▶ **Exercise requirements**
Starting with the line that holds "Hitotsu Yane no", repeat each line through the last one below, exactly. Pictures stay out.

▶ **Entries shown**
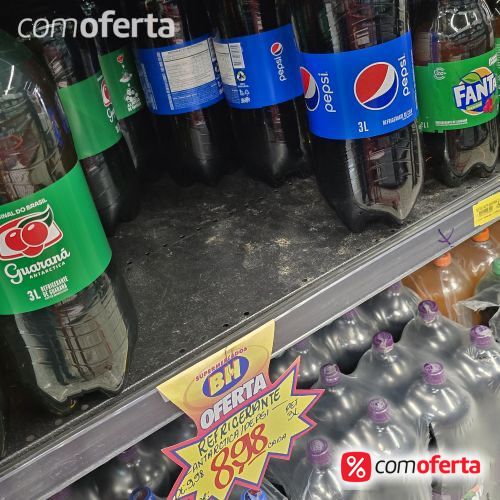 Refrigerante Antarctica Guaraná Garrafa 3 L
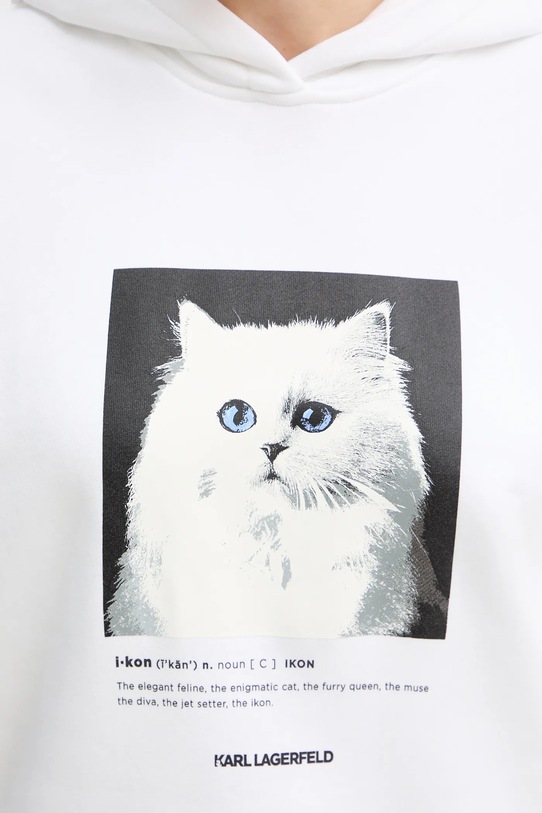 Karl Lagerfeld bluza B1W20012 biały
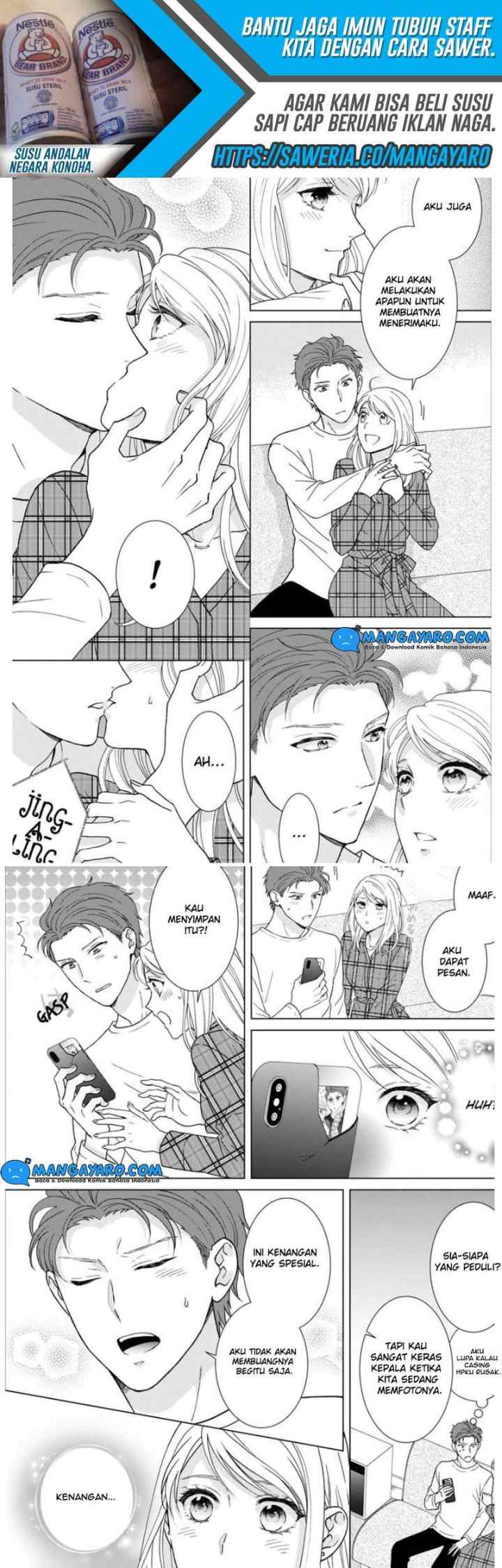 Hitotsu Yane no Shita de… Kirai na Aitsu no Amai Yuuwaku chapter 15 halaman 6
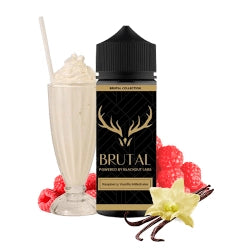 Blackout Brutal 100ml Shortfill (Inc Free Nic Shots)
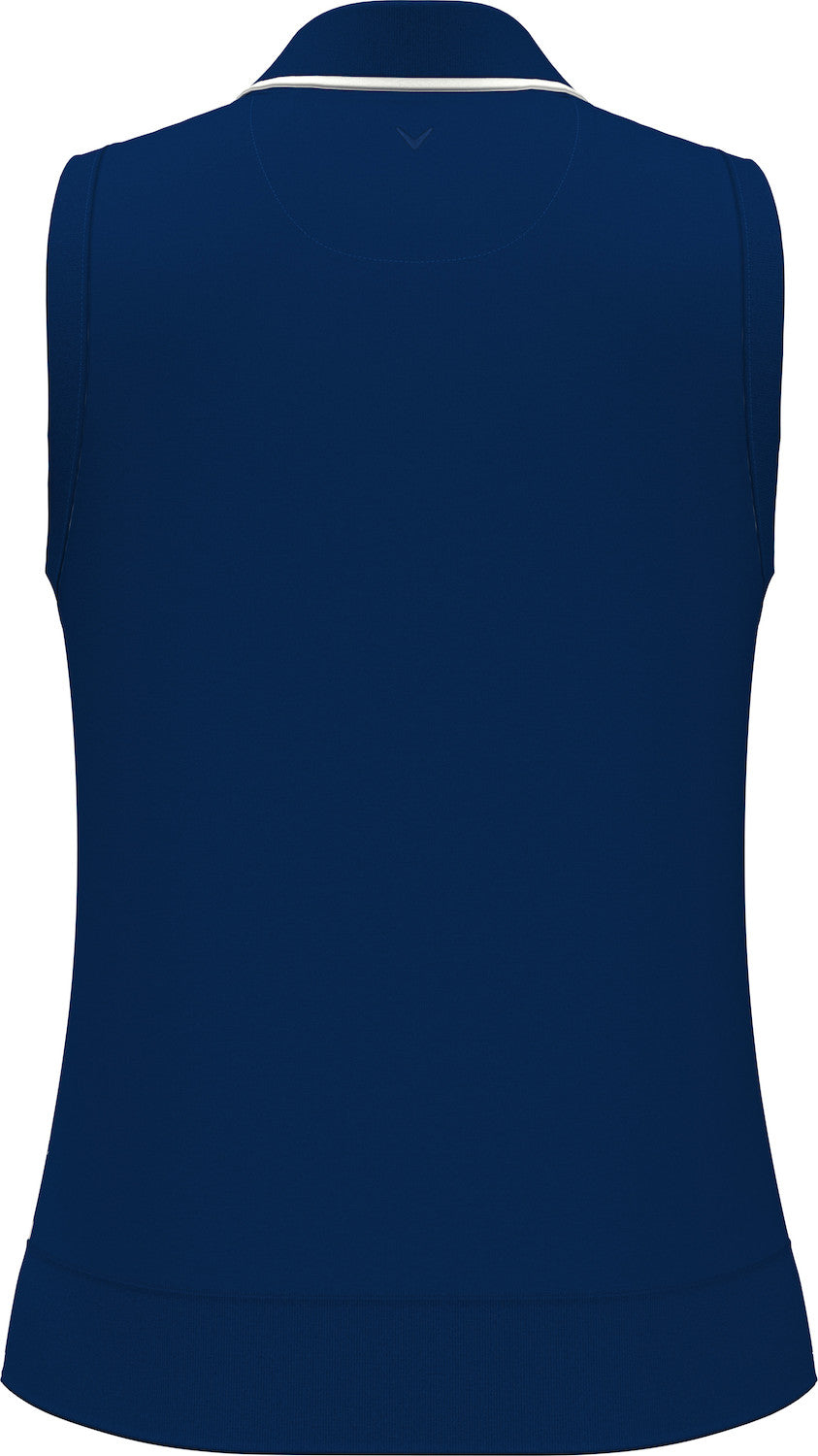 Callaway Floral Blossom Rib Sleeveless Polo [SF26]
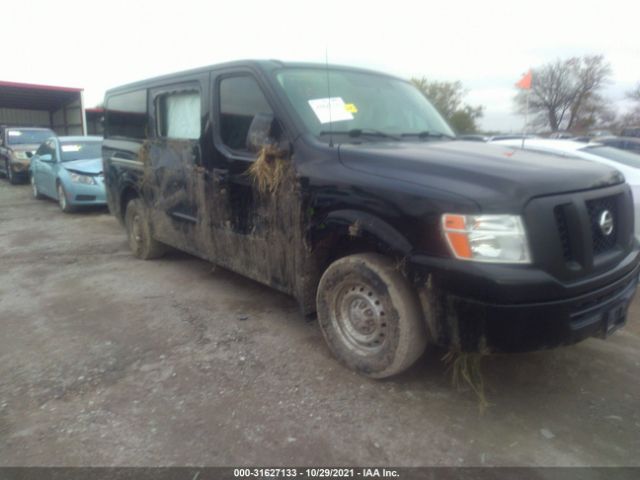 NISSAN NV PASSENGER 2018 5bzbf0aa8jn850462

▶ **Response for this exercise**
 Hitotsu Yane no Shita de… Kirai na Aitsu no Amai Yuuwaku chapter 15 halaman 6
 Blackout Brutal 100ml Shortfill (Inc Free Nic Shots)
 Callaway Floral Blossom Rib Sleeveless Polo [SF26]
 NISSAN NV PASSENGER 2018 5bzbf0aa8jn850462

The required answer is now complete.